What to produce:
Please give back, exactly as written, the lines from the line with "Foto del edificio - 12532 W Myer Ln" to the line with "Photo of 855 PAMELA DRIVE" in the listing below, leaving out all pictures.

Exercise materials:
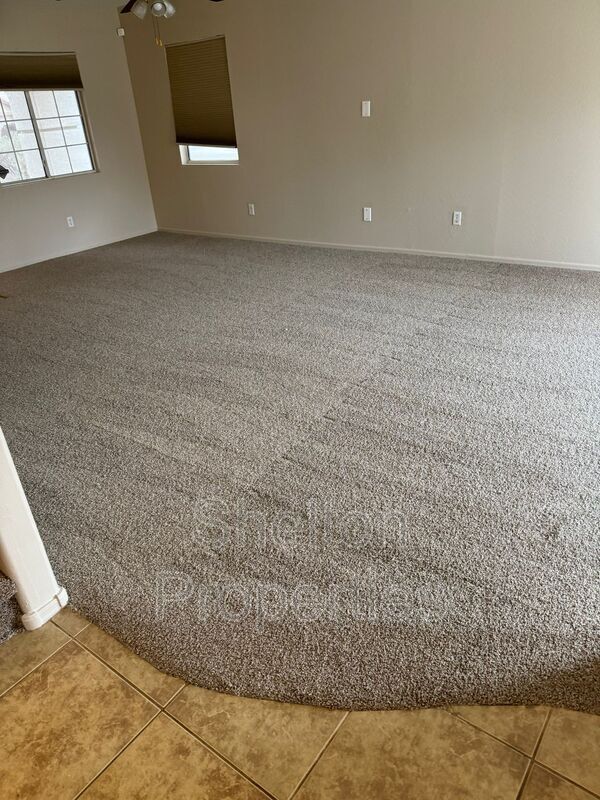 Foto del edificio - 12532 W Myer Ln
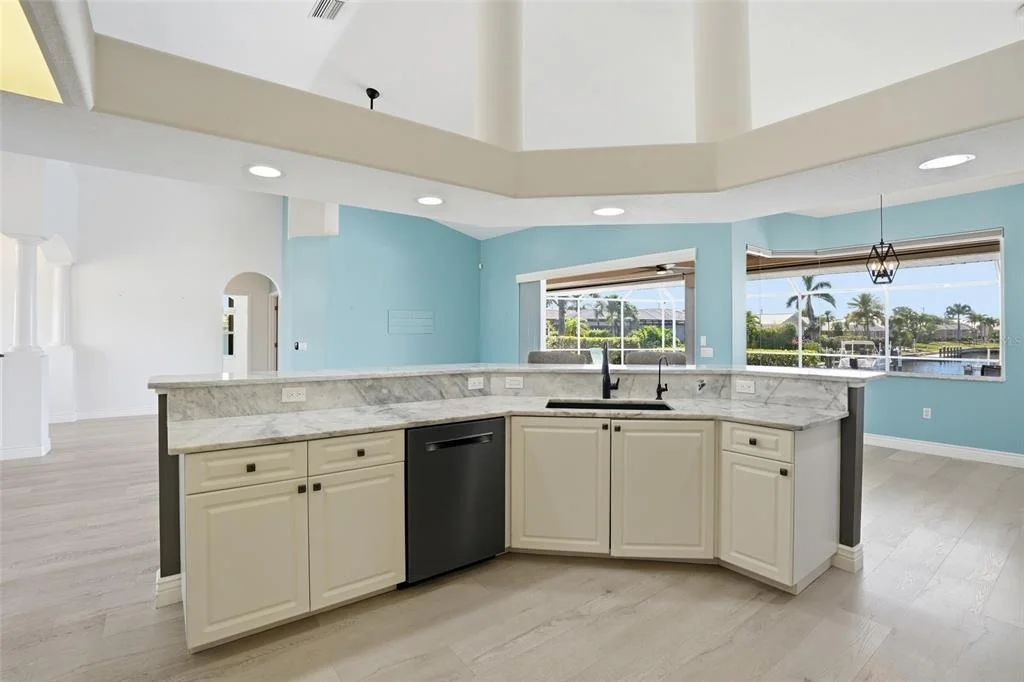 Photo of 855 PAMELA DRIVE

...

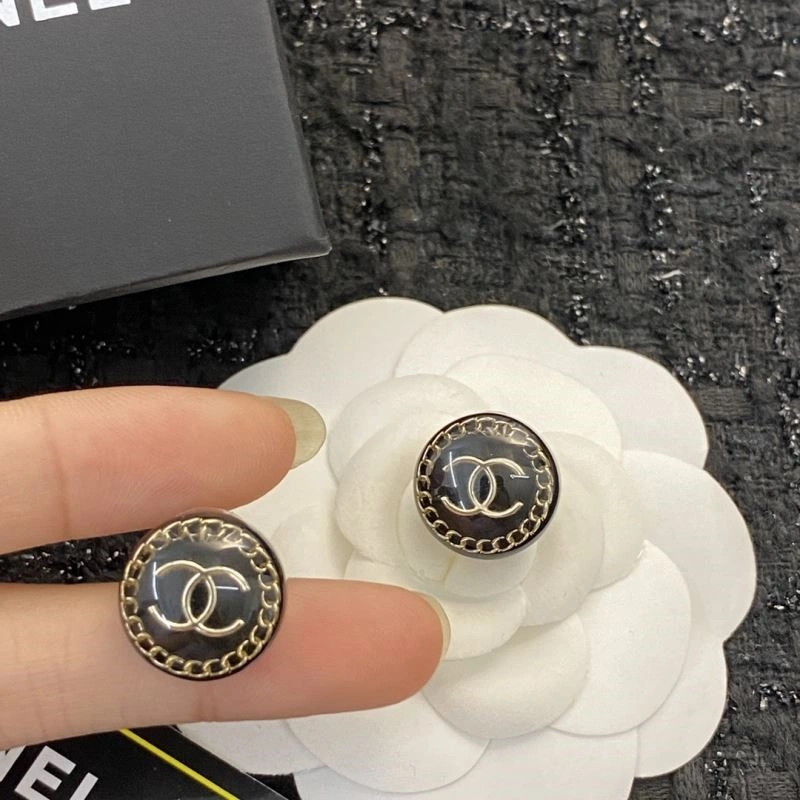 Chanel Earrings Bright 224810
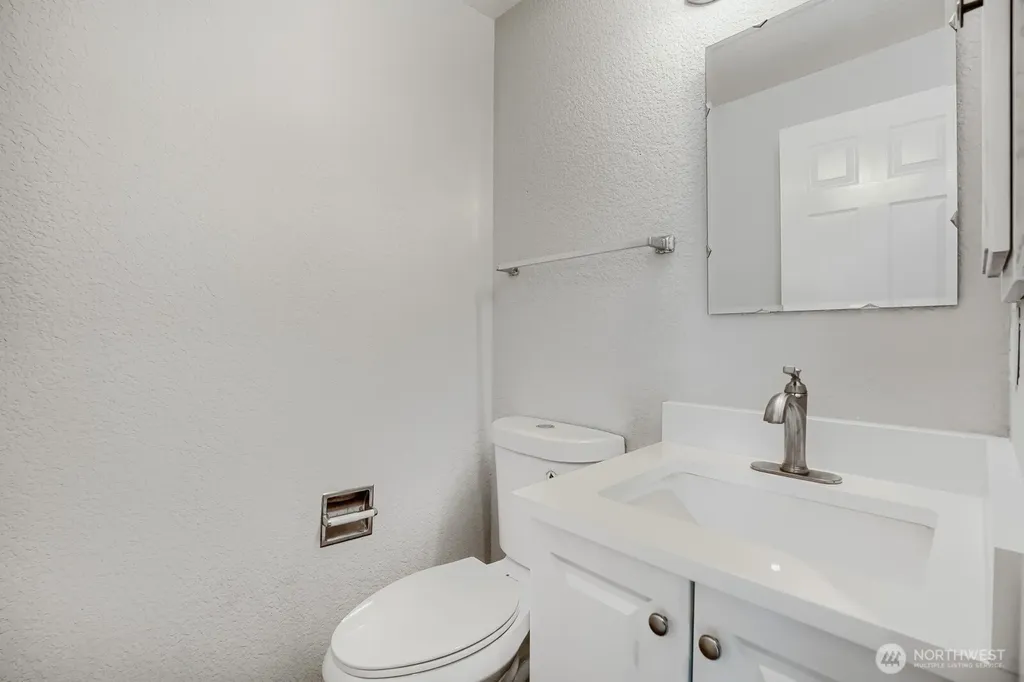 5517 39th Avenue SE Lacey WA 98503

Written response:
 Foto del edificio - 12532 W Myer Ln
 Photo of 855 PAMELA DRIVE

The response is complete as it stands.